In the Garden and in the Jungle: Comparing Genres in the BNC and Internet
by Serge Sharoff
In: Genres on the Web Computational Models and Empirical Studies
Alexander Mehler, Serge Sharoff and Marina Santini
Text, Speech and Language Technology
Volume 42, 2011, DOI: 10.1007/978-90-481-9178-9
In this chapter I will present an approach to classifying the Web into genres. The goal is to have a compact system of categories that can be assigned with little ambiguity to almost every webpage. The proposed typology is organised from the functional viewpoint: generalised categories for genre classification correspond to major aims of text production, such as `discussion’ or `instruction’. This chapter compares the genre distributions in English and Russian automatically constructed Internet corpora against their human-collected counterparts (BNC and RNC) in terms of these classes using probabilistic classifiers.
The jungle metaphor is quite common in genre studies. The subtitle of David Lee’s seminal paper on genre classification is `navigating a path through the BNC jungle’. According to Adam Kilgarri , the BNC is a jungle only when compared to smaller Brown-type corpora, while it looks more like an English garden when compared to the Web.
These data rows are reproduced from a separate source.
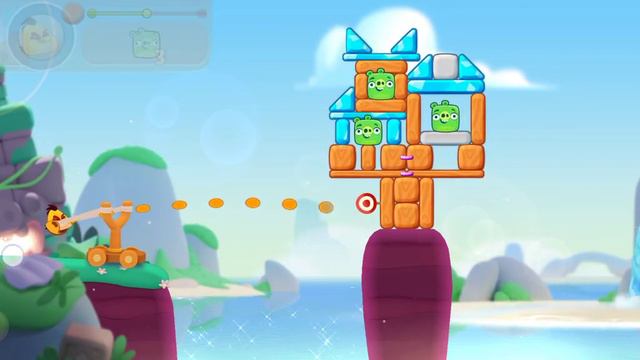 angry birds journey level 2 gameplay @AngryBirds @RovioEntertainment смотреть онлайн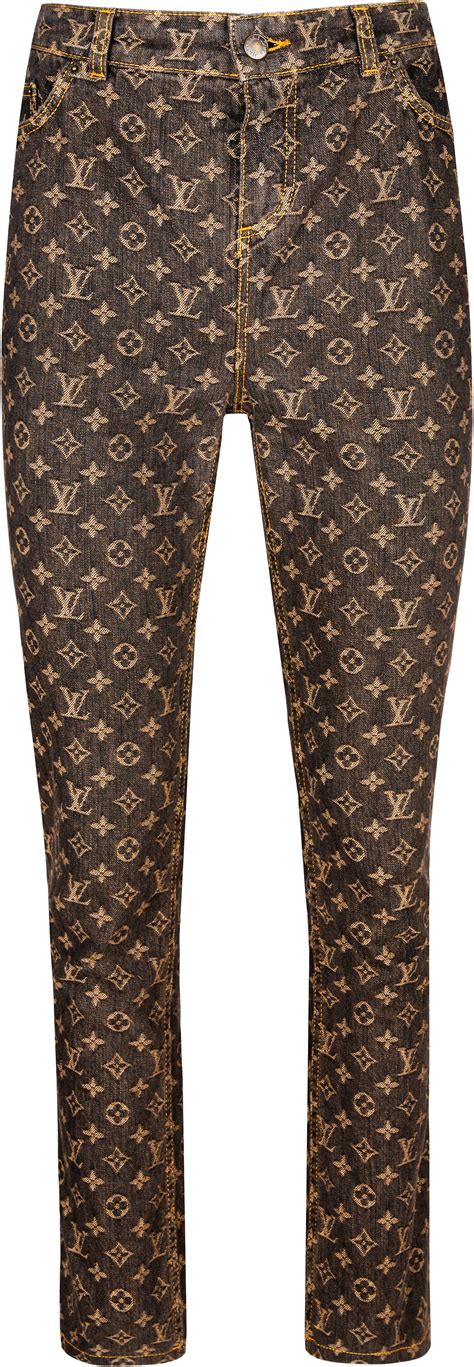 louis vuitton monogram jeans|louis vuitton monogram pants.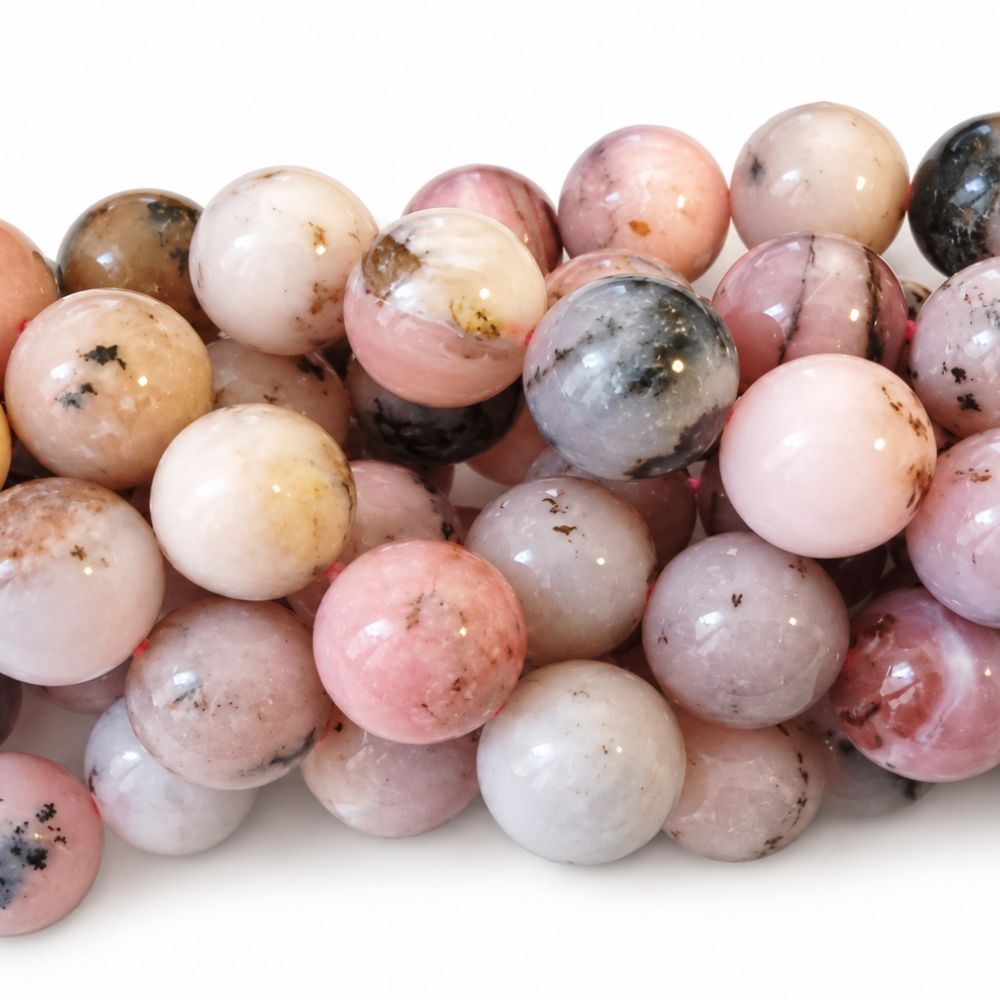 Pink opal 8 mm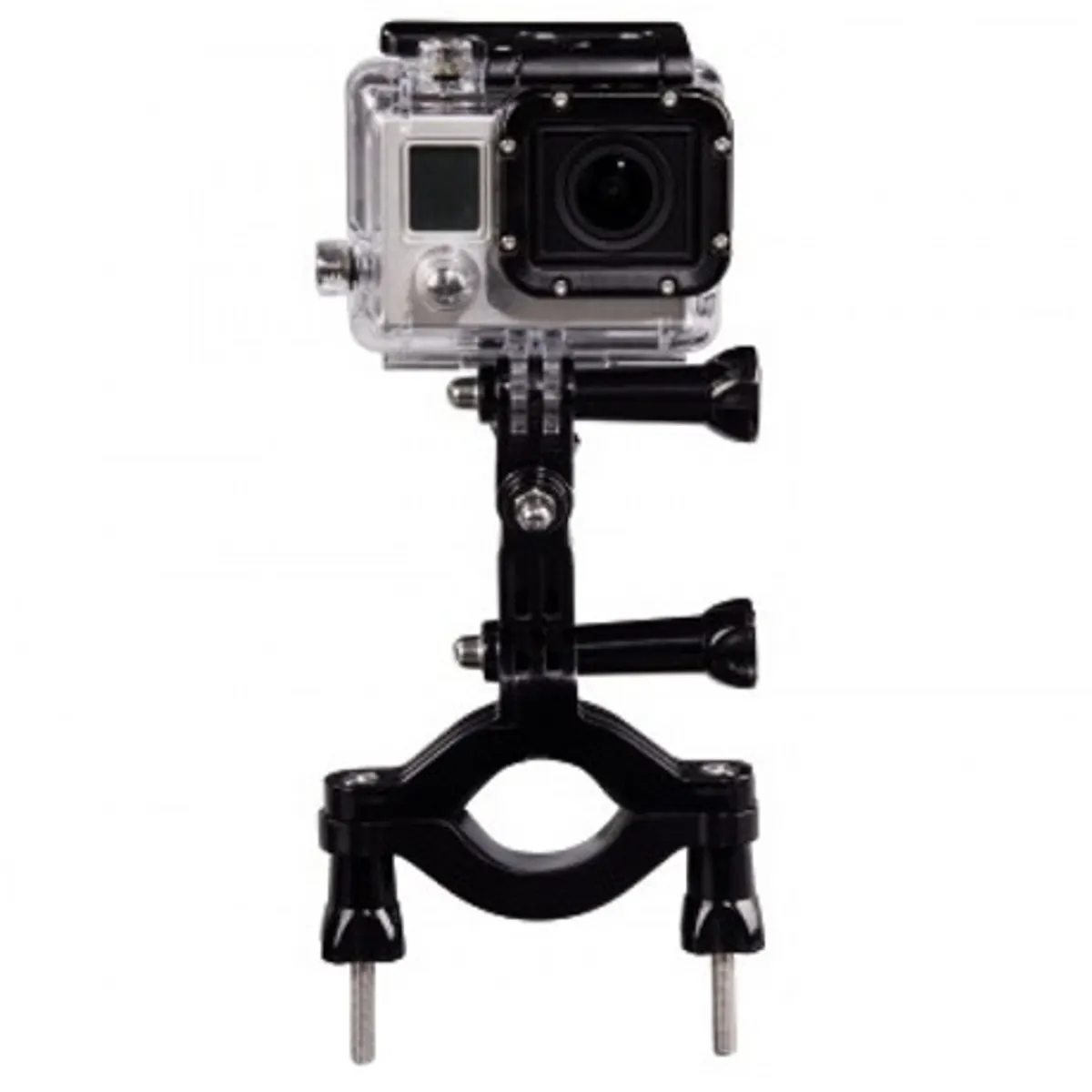 Hama 00004399 GoProhoz csőre szerelhető tartó 2,5-6,2 cm, szilikonos belső, 2db könyök #2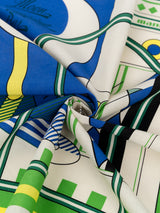 COTTON SCARF 65 / COCKTAIL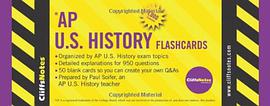 CliffsNotes AP U.S. History Flashcards pdf epub mobi 电子书 下载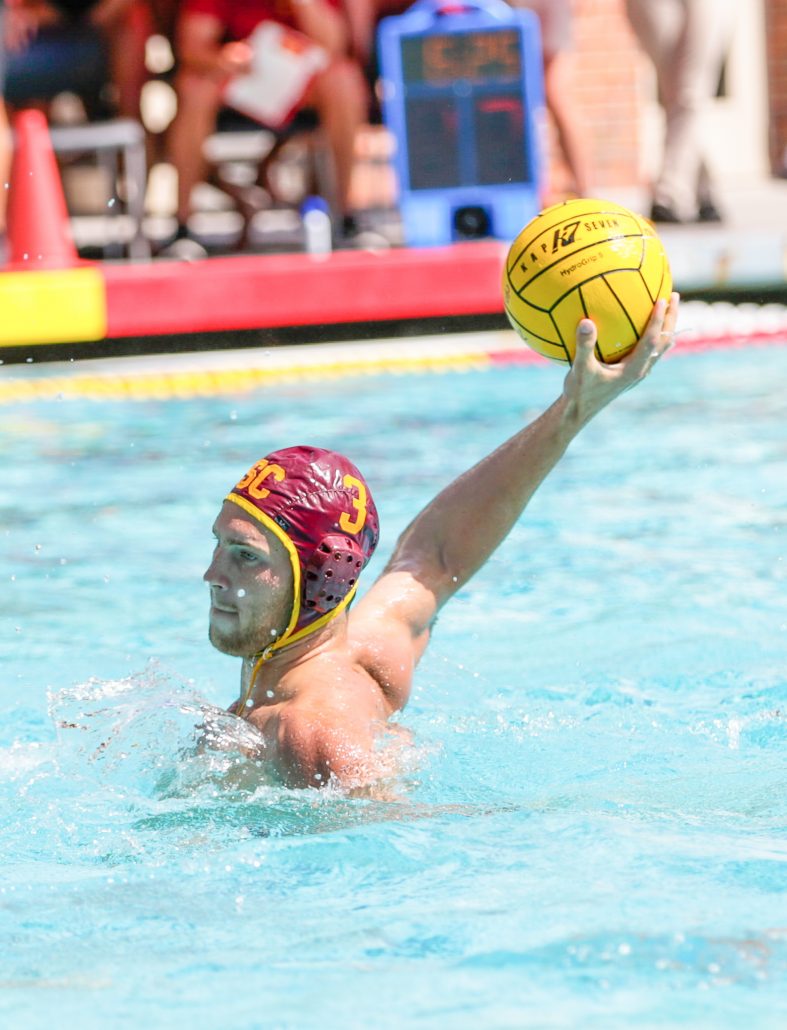 Water polo dominates two ranked California foes Daily Trojan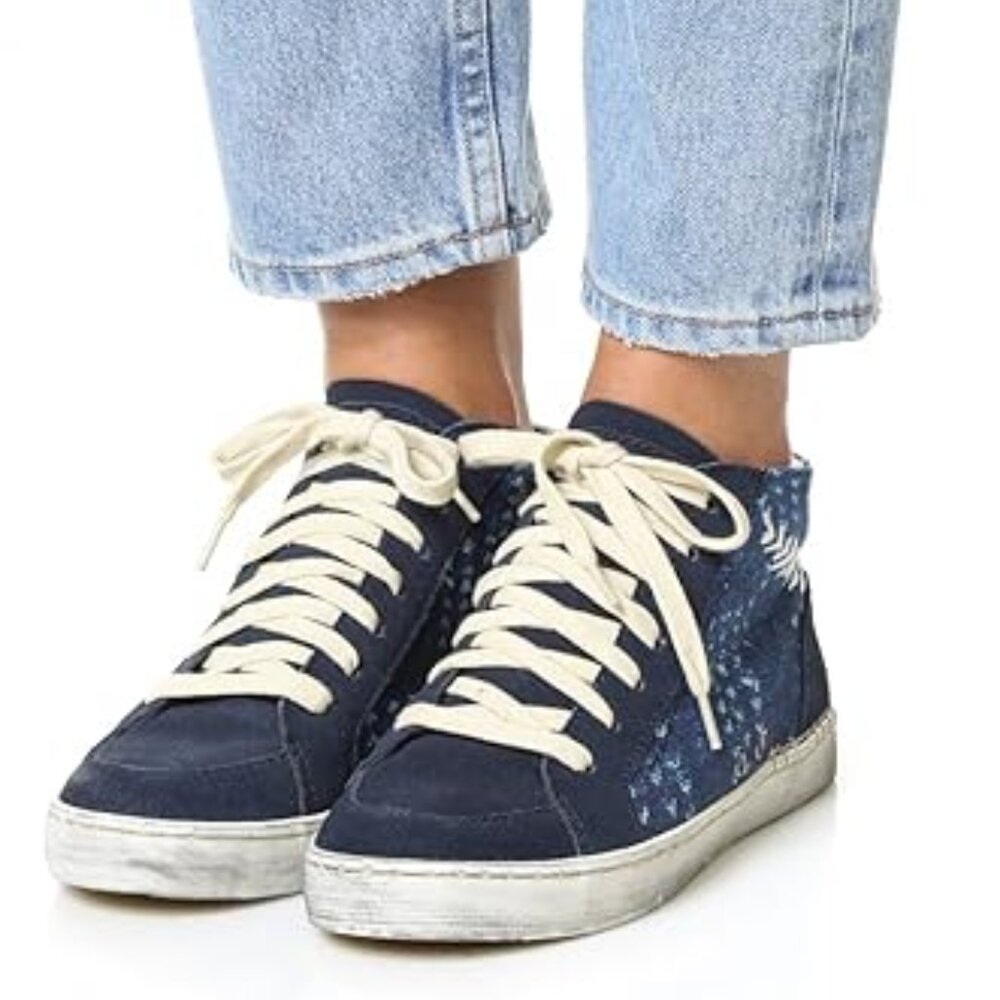 New with Box Dolce Vita Women's Zane High Top Sneakers 8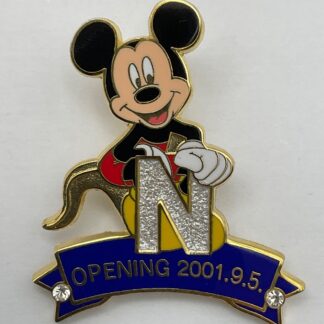 JDS Japan Mickey Mouse Nagoya Matsuzakaya Grand Re-opening LE Disney Pin G6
Intuitively this claim is plausible: if we consider the whole Web as a corpus, it probably contains a much greater variety of text types and genres than the 4055 texts in the BNC classified into 70 genres. However, we still need to study this jungle. Nowadays it is relatively easy to collect a large corpus from theWeb, either using search engines or web crawlers, so it is easy to surpass the BNC in size. However, we know little about the domains and genres of texts in corpora collected in this way. Even if we collect domain-specific corpora and can be sure that all texts in our corpus are about, e.g., epilepsy, we still do not know the amount of research papers, newspaper articles, webpages advising parents, tutorials for medical staff, etc, in it. Traditional corpora have been annotated manually, which did not create a significant overhead: such corpora have been also compiled manually, so it was possible to annotate each text according to a reasonable number of parameters. Even then there can be problems with manual classification.